Pawsey Setonix for deep learning

Published: Tue 13 February 2024

Did you know 'Setonix' is actually the scientific name of Australian native animal 'Quokka'? I didn't know until I started using Pawsey's Setonix for deep learning. This is a personal note to use Setnoix supercomputer for deep learning workflow. Please be informed that things might have changed since I last accessed and/or I might be mistaken on my notes.

Constraints -- Must remember

  • /home directory quota is 1GB.
  • /home directory has inode quota of 10K.
  • /software/ directory has inode quota of 100K per user.
  • /scratch/ directory has inode quota of 1M per user.
  • /scratch/ files are deleted after 21 days of inactivity.

Access

I access through VSCode remote SSH extension. It has a side-effect of hogging the small HOME quota, as mentioned here. To solve this, I can configure the remote SSH extension to use a different directory (e.g., /scratch) for the .vscode-server directory. Open the VSCode settings (Ctrl + ,) and search for "Server install path". Then, add items like this:

Item Value
setonix.pawsey.org.au /scratch/<project_id>/<user_id>/

Lately, the VSCode 1.93 version caused some issues with the above approach (details here), so I had to revert to the default HOME directory, and created a symlink to the .vscode-server directory in the /scratch directory.

# Open VSCode and connect to the remote server. It will create the .vscode-server directory in the HOME directory. Then, move it to the scratch directory and create a symlink.
mv .vscode-server /scratch/pawsey1001/rakib/
ln -s /scratch/pawsey1001/rakib/.vscode-server .vscode-server

Next, just open the remote explorer and add a new SSH host. Then, select the host and connect. It will ask for the password and then it will be connected. To avoid password, we can use the public key authentication (detailed here).

GPU Computing

  • Based on this, SLURM command to access the GPU node interactively:
salloc -N <n> --gres=gpu:<n> -A <project_id>-gpu --partition=<gpu or gpu-dev or gpu-highmem> --time=<hh:mm:ss>
ssh <node_name> # node_name is the name of the node you get from the previous command
  • Importants notes
    • "Project name to access the GPU nodes is different." It is <project_id>-gpu instead of just <project_id>.
    • "The request of resources only needs the number of nodes (–-nodes, -N) and the number of allocation-packs per node (--gres=gpu:number)." "Users should not indicate any other Slurm allocation option related to memory or CPU cores.
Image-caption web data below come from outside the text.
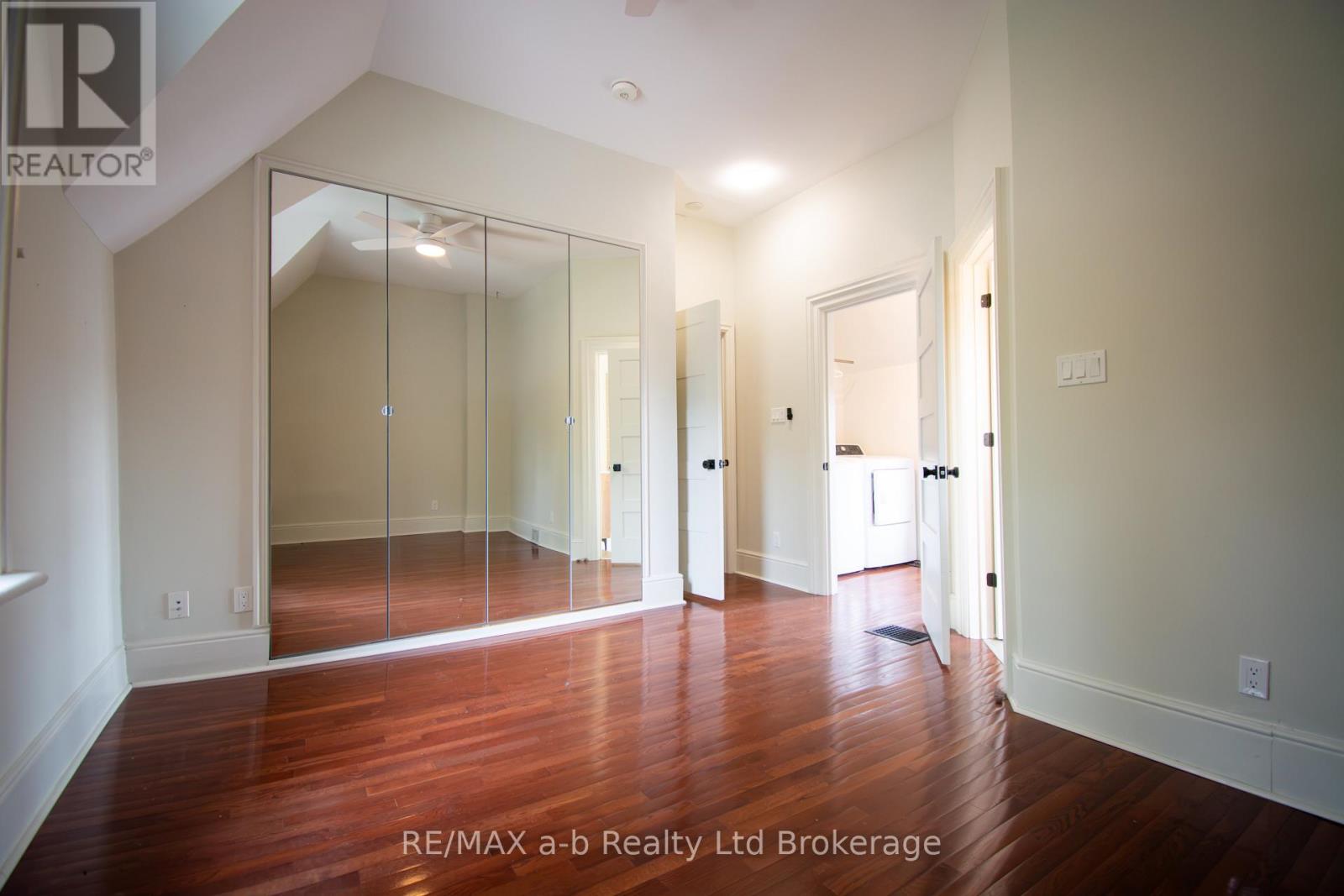 5 - 66 Daly Avenue Property Photo 21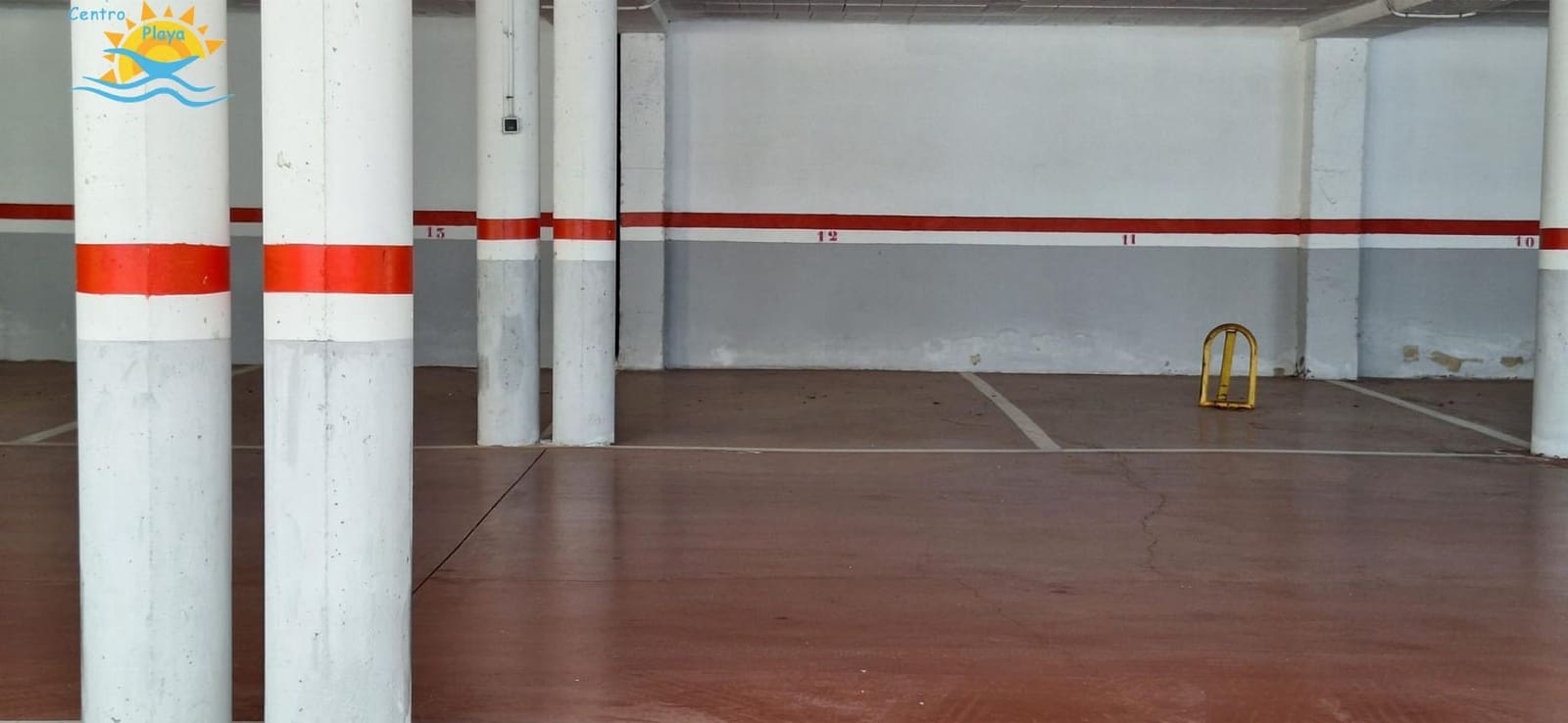 2 slaapkamer Appartement te koop in Alcossebre met zwembad garage - € 230.000 (Ref: 9371880)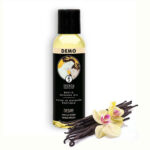 10065-shunga-massage-oil-desire-vanilla-60ml-sexshopcyprus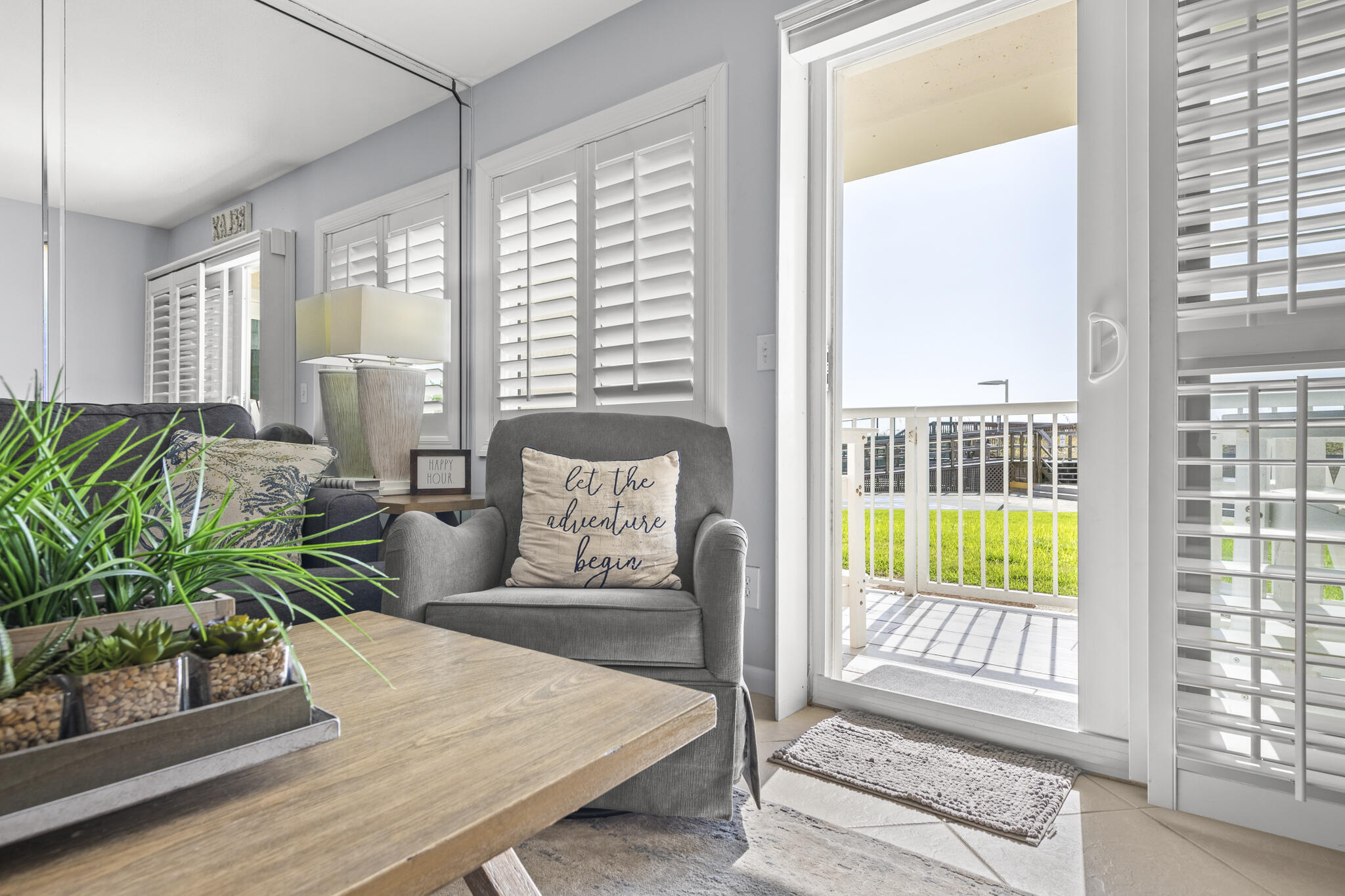 510 Gulf Shore Drive Destin FL 32541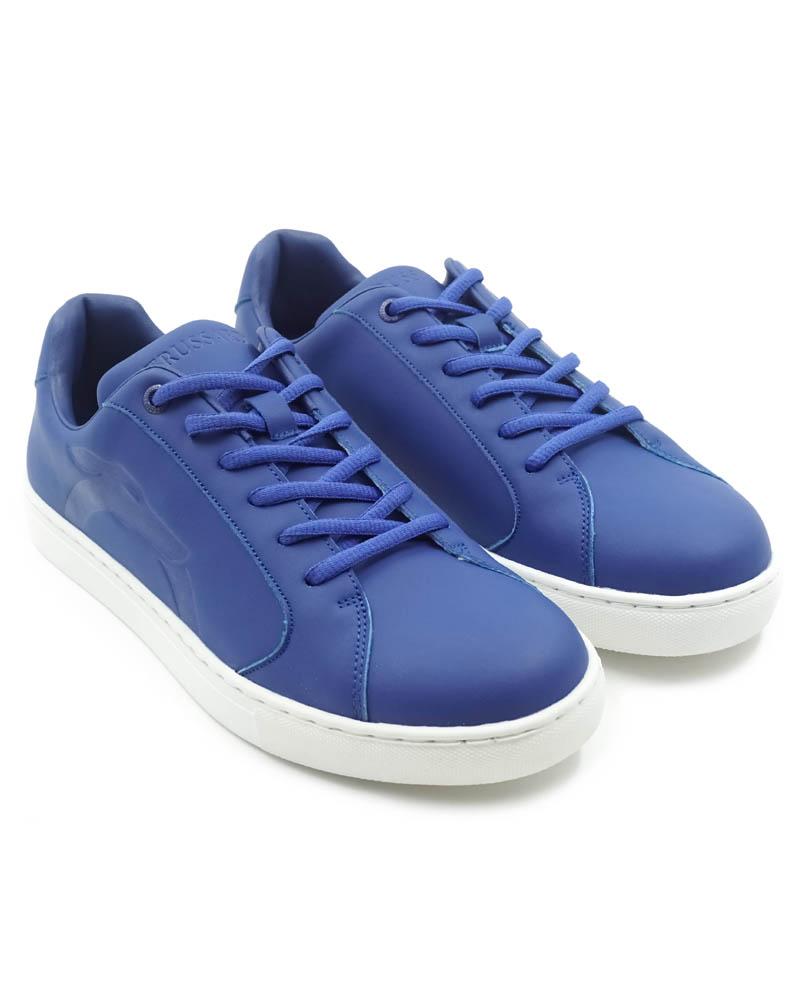 Кеды Trussardi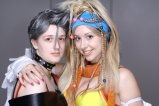 025-img_4585.jpg.small.jpeg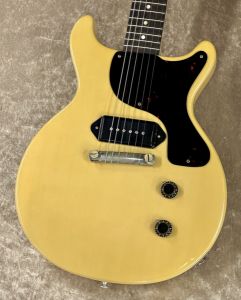 黄 系のエレキギター検索結果一覧 | 【クロサワ楽器店オンライン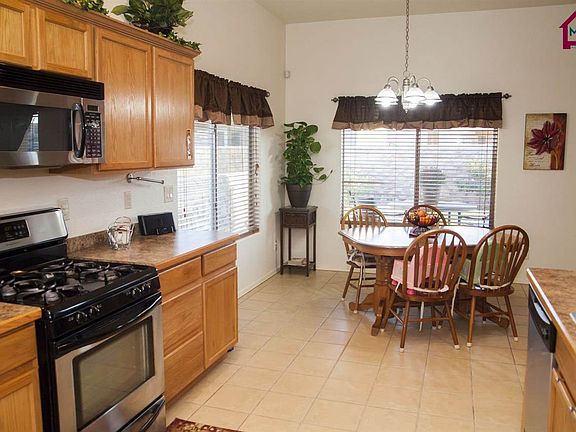 5th image of 6418 Serrano Dr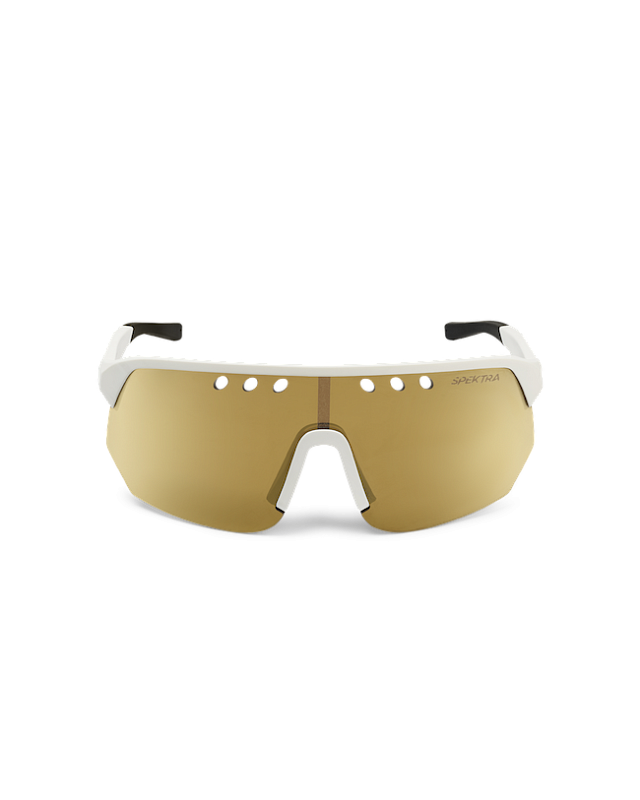 Очки ASSOS DONZI Eyewear Gold 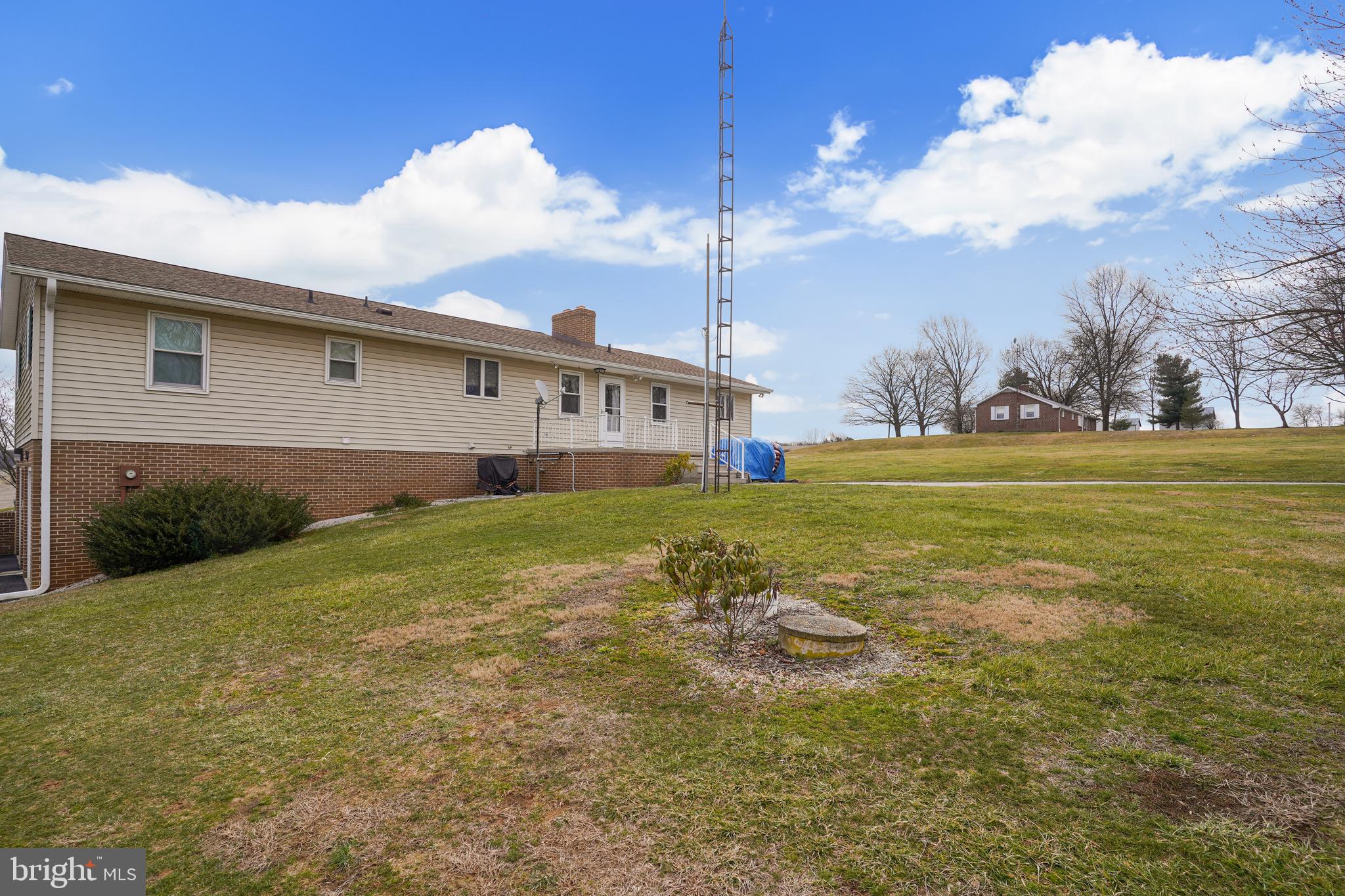 4910 Babylon Road Taneytown, MD 21787 - Photo 5 of 35 Gallery Image 5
Therefore, users should not use --ntasks, --cpus-per-task, --mem, etc."

Pytorch and Python

  • Guide: here
  • The idea is that we need to build Pytorch (same for Tensoflow I think) from scratch to work with AMD GPUs on Setonix
  • To make it simpler, dockers and containers are available. We can load it throuch docker pull or module load. It didn't work well for me.

Pyenv

  • I really liked pyenv, because the official pytorch container has several complexities and issues (details on next point). Pyenv seemed simpler to me.
  • To install ROCm-compatible Pytorch, I can follow the official pytorch guideline from https://pytorch.org/get-started/locally/, for example:
pip3 install torch --index-url https://download.pytorch.org/whl/rocm6.0

Offloading pyenv files in a different directory due to limited quota

  • The primary .pyenv is located in the home directory, which I symlinked to the /software directory. After symlinking, the ls -al shows .pyenv -> /software/projects/pawsey1001/rakib/.pyenv. The command sequence of moving the files and symlinking may look like this:
mv .pyenv /software/projects/pawsey1001/rakib/
ln -s /software/projects/pawsey1001/rakib/.pyenv .pyenv
Multiple virtual environments
  • It would be great if we could create virtual environment in a different folder. Following this GitHub issue, we can create virual envirornment using basic python -m venv command.
# list available python versions using pyenv versions and see which one is active. Change if needed.
python -m venv <path/to/venv> # create a new virtual environment
source <path/to/venv>/bin/activate # activate the virtual environment

# Optional: Create symlink to change using pyenv
cd ~/.pyenv/versions
ln -s <path/to/venv> env_name
pyenv activate env_name # activate the virtual environment
Unsuccessful experiments with pyenv
  • Even if I symlinked the environment folder, it seems the lib folder is common for all environments and thus getting quota error.
    • If I need multiple virtual environment, it becomes more tricky. I thought of offloading files of less-significant environment to the scratch directory (as scratch has file purge policy, I would need to re-install packages after some days). After creating the new virtual environment, I symlinked corresponding virtual environment files to scratch. Inside /home/rakib/.pyenv/versions/3.12.3/envs, I symlinked the created virtual environment, which looks like: env_name -> /scratch/pawsey1001/rakib/extr_pyenv/env_name.
  • Even when I have multiple project allocations, I could not offload to another project's software directory (by symlinking) due to the inode quota being per user.

Pawsey-provided Pytorch

module load <preferred_pytorch_version> # e.g., pytorch/2.2.0-rocm5.7.3
python3 -m venv <path/to/venv> # create a new virtual environment

There is a problem here. The symlinked Python version in the virtual environment is different from the loaded Pytorch. To verify, go to the bin directory of the virtual environment and run ls -l. It will show the symbolic link. An entry of python3 -> /usr/bin/python3 means the virtual environment is linked to the system Python, which we don't want. We can find the correct Python path using which python3 command after loading the PyTorch module (for example: /software/setonix/2023.08/containers/modules-long/quay.io/pawsey/pytorch/2.2.0-rocm5.7.3/bin/python3). Then, to update the symlink, we can use the following command:

ln -sf <correct/path/to/python3> <path/to/venv>/bin/python3 # or, just python3 if you are in the bin directory

Next, it should work as normal virtual environment. The next steps are:

source <path/to/venv>/bin/activate # activate the virtual environment
# open <path/to/venv>/pyvenv.cfg and make "include-system-site-packages = true" to use the system packages, e.g., the loaded Pytorch
# Install new packages as usual. It will skip the packages exists from the loaded Pytorch container.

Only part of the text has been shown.